Exercise prompt ▸ Every record that follows is to be copied exactly, with the pictures omitted.

Supplied records ▸
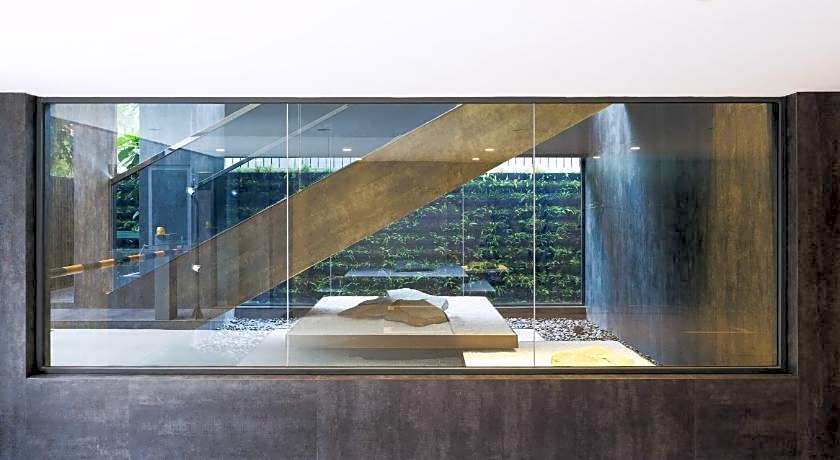 One Residence Hotel & Apartment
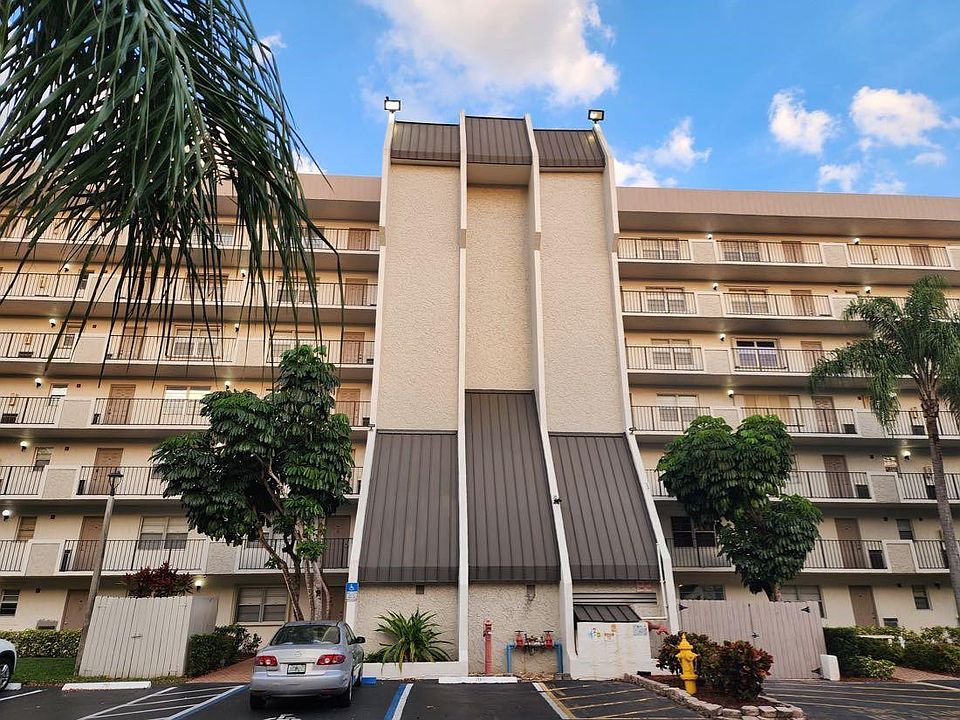 1st image of 3100 W Rolling Hills Circle #510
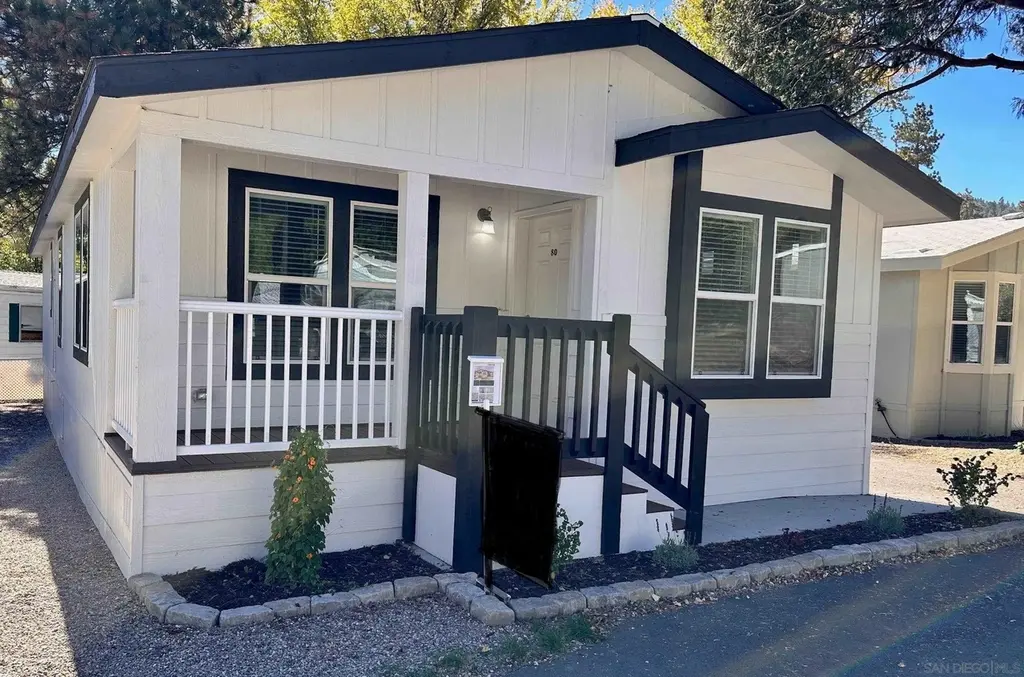 22899 Byron Rd #80
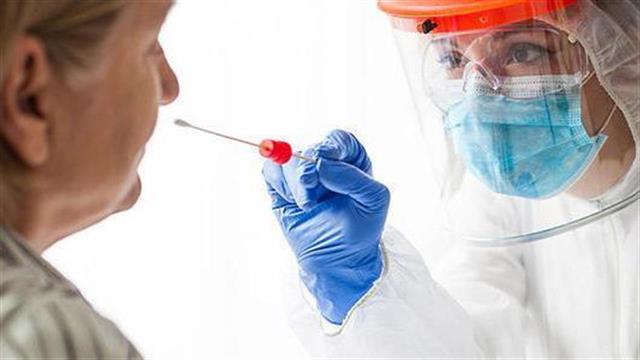 Υπουργική Απόφαση: Πλαφόν 60 ευρώ στα μοριακά τεστ και 20 ευρώ στα rapid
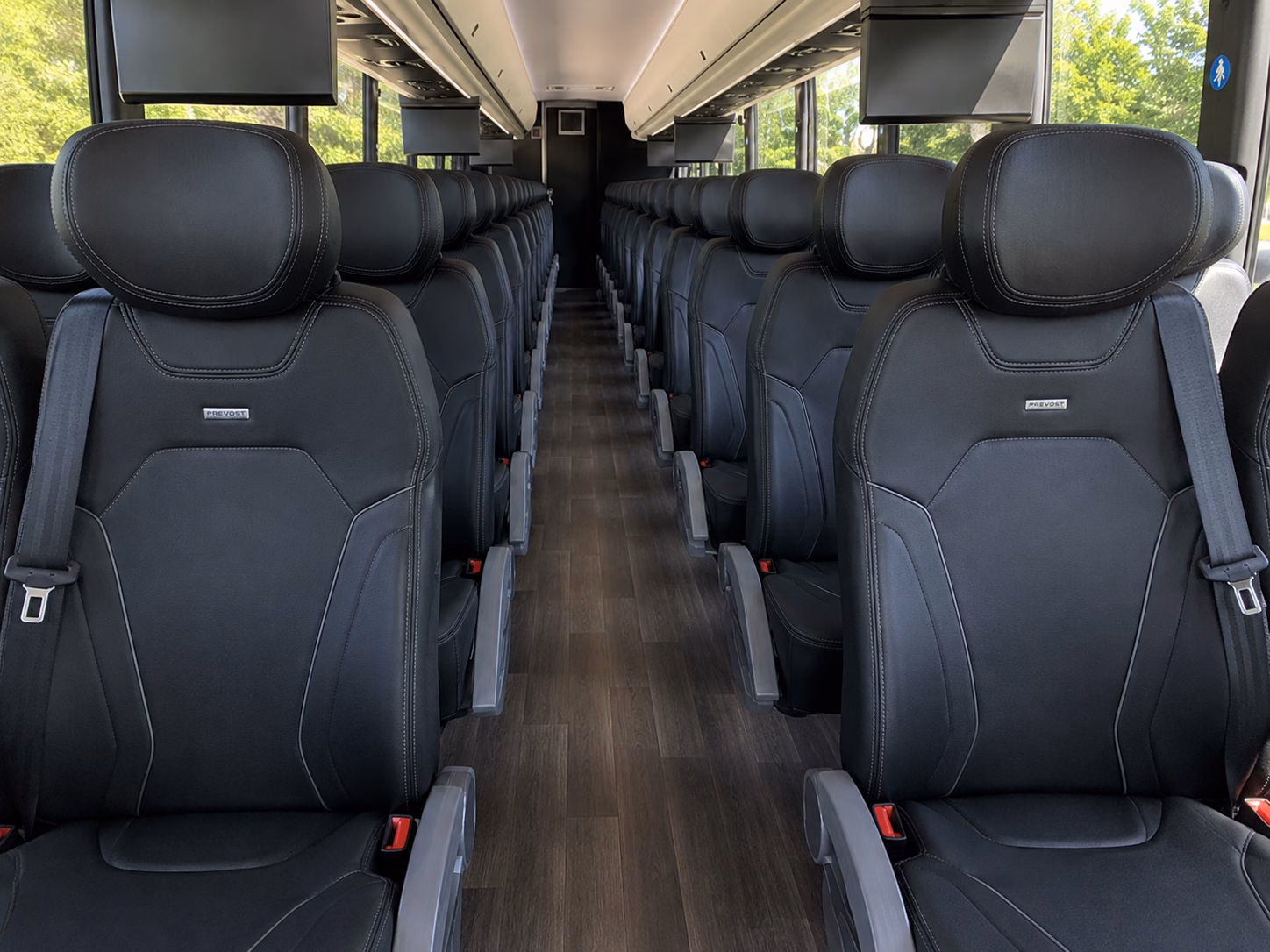 weekend wedding bus rentals for multi day celebrations in the desert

Finished task ▸
 One Residence Hotel & Apartment
 1st image of 3100 W Rolling Hills Circle #510
 22899 Byron Rd #80
 Υπουργική Απόφαση: Πλαφόν 60 ευρώ στα μοριακά τεστ και 20 ευρώ στα rapid
 weekend wedding bus rentals for multi day celebrations in the desert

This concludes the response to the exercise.